First, the backend: tf.keras.backend.concatenate()
Backend functions are supposed to be used "inside" layers. You'd only use this in Lambda layers, custom layers, custom loss functions, custom metrics, etc.
It works directly on "tensors".
It's not the choice if you're not going deep on customizing. (And it was a bad choice in your example code -- See details at the end).
If you dive deep into keras code, you will notice that the Concatenate layer uses this function internally:
import keras.backend as K
class Concatenate(_Merge):
#blablabla
def _merge_function(self, inputs):
return K.concatenate(inputs, axis=self.axis)
#blablabla
Then, the Layer: keras.layers.Concatenate(axis=-1)
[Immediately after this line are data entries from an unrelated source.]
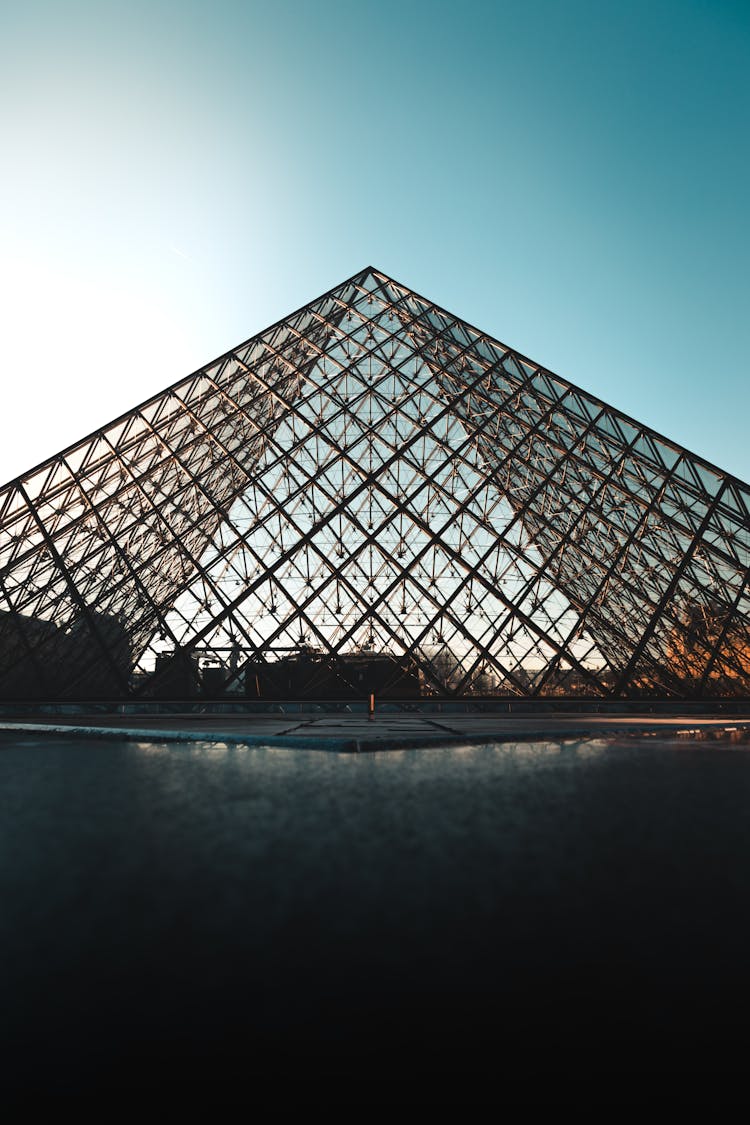 Louvre Pyramid Under Blue Sky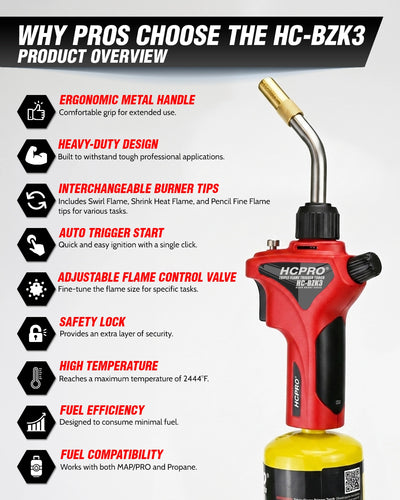 High Intensity Auto-Trigger Welding Torch Kit – Blaze HC-BZK3 w/ Tips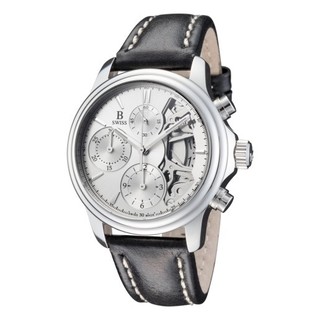 B SWISS BY BUCHERER Analog  00-50506-08-13-01 男士腕表 37.5mm 银色 黑色 皮革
As any other keras layers, you instantiate and call it on tensors.
Pretty straighforward:
#in a functional API model:
inputTensor1 = Input(shape) #or some tensor coming out of any other layer
inputTensor2 = Input(shape2) #or some tensor coming out of any other layer
#first parentheses are creating an instance of the layer
#second parentheses are "calling" the layer on the input tensors
outputTensor = keras.layers.Concatenate(axis=someAxis)([inputTensor1, inputTensor2])
This is not suited for sequential models, unless the previous layer outputs a list (this is possible but not common).
Finally, the concatenate function from the layers module: keras.layers.concatenate(inputs, axis=-1)
This is not a layer. This is a function that will return the tensor produced by an internal Concatenate layer.
The code is simple:
def concatenate(inputs, axis=-1, **kwargs):
#blablabla
return Concatenate(axis=axis, **kwargs)(inputs)
Older functions
In Keras 1, people had functions that were meant to receive "layers" as input and return an output "layer". Their names were related to the merge word.
But since Keras 2 doesn't mention or document these, I'd probably avoid using them, and if old code is found, I'd probably update it to a proper Keras 2 code.
Why the _keras_shape word?
This backend function was not supposed to be used in high level codes. The coder should have used a Concatenate layer.
atoms_bonds_features = Concatenate(axis=-1)([atoms, summed_bond_features])
#just this line is perfect
Keras layers add the _keras_shape property to all their output tensors, and Keras uses this property for infering the shapes of the entire model.
If you use any backend function "outside" a layer or loss/metric, your output tensor will lack this property and an error will appear telling _keras_shape doesn't exist.
The coder is creating a bad workaround by adding the property manually, when it should have been added by a proper keras layer. (This may work now, but in case of keras updates this code will break while proper codes will remain ok)
Keras historically supports 2 different interfaces for their layers, the new functional one and the old one, that requires model.add() calls, hence the 2 different functions.
For the TF -- their concatenate() functions does not do everything that required for Keras to work, hence, the additional calls to make ._keras_shape variable correct and not to upset Keras that expects that variable to have some particular value.